Recorded information section start

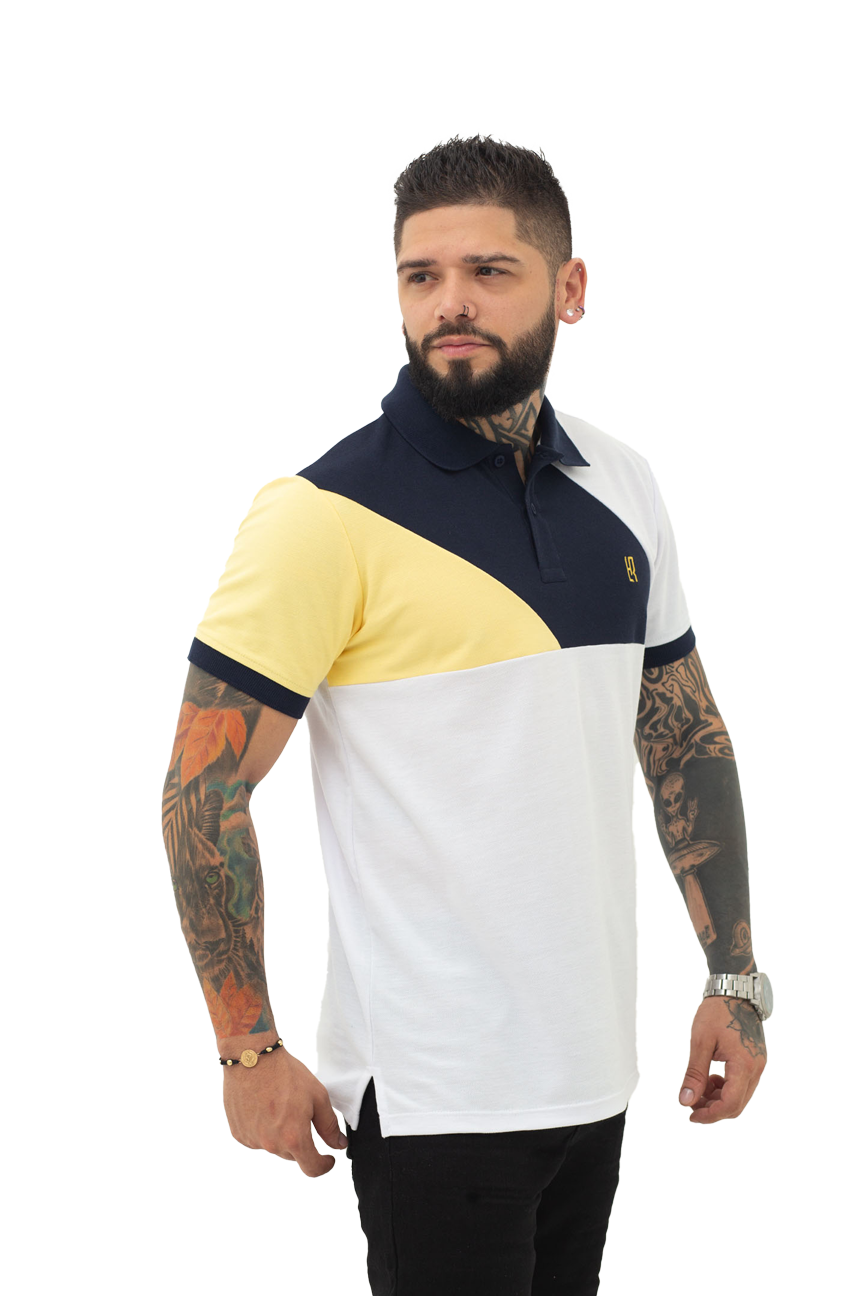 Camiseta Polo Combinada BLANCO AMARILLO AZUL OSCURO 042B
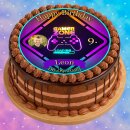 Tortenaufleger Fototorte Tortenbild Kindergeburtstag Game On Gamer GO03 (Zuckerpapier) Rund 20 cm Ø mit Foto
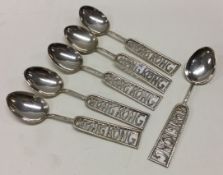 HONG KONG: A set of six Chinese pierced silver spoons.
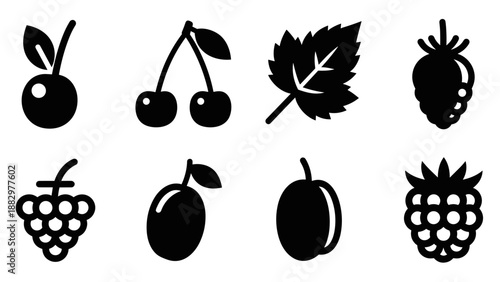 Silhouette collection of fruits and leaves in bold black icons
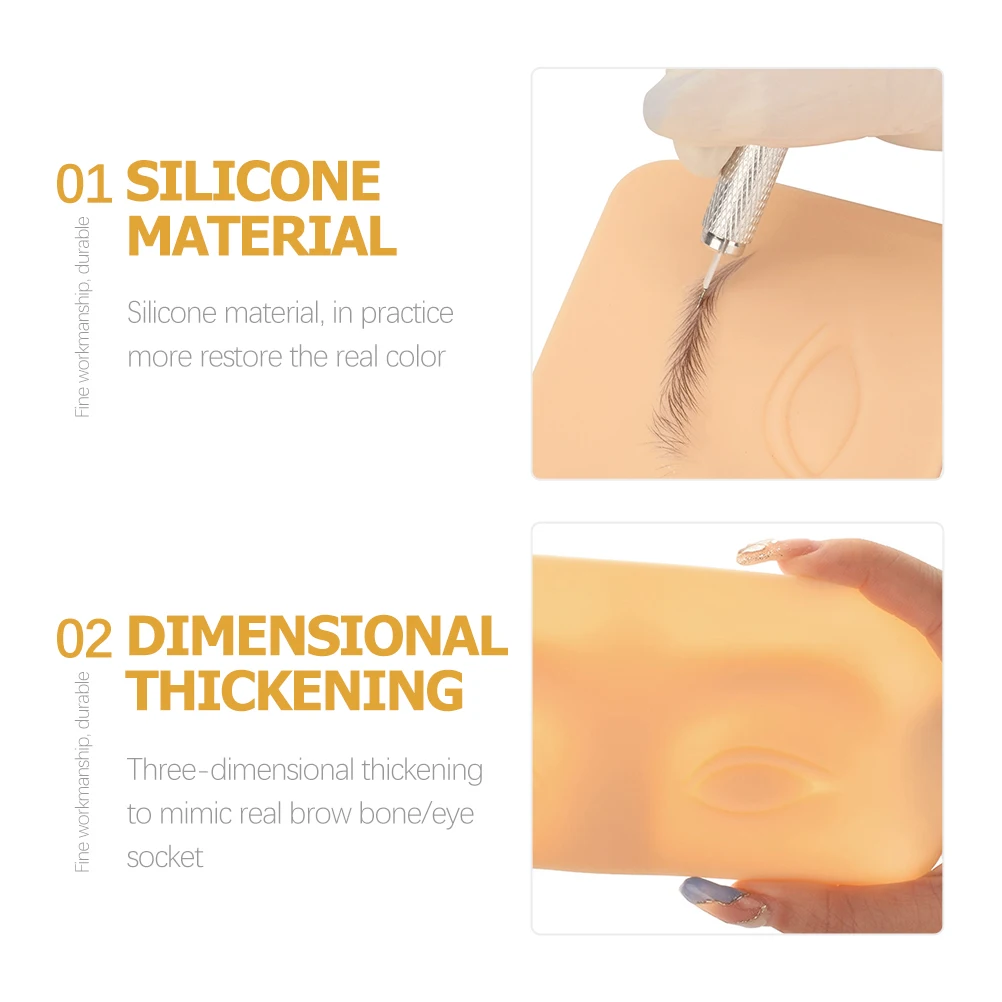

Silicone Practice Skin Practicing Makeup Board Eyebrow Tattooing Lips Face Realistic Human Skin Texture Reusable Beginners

Recorded information section end

### Task objective
Only one thing is required: an exact printout of the lines from the line containing "Tortenaufleger Fototorte Tortenbild" through the last line of the records, pictures excluded.

### Solution
 Tortenaufleger Fototorte Tortenbild Kindergeburtstag Game On Gamer GO03 (Zuckerpapier) Rund 20 cm Ø mit Foto
 HONG KONG: A set of six Chinese pierced silver spoons.
 Silhouette collection of fruits and leaves in bold black icons

Silicone Practice Skin Practicing Makeup Board Eyebrow Tattooing Lips Face Realistic Human Skin Texture Reusable Beginners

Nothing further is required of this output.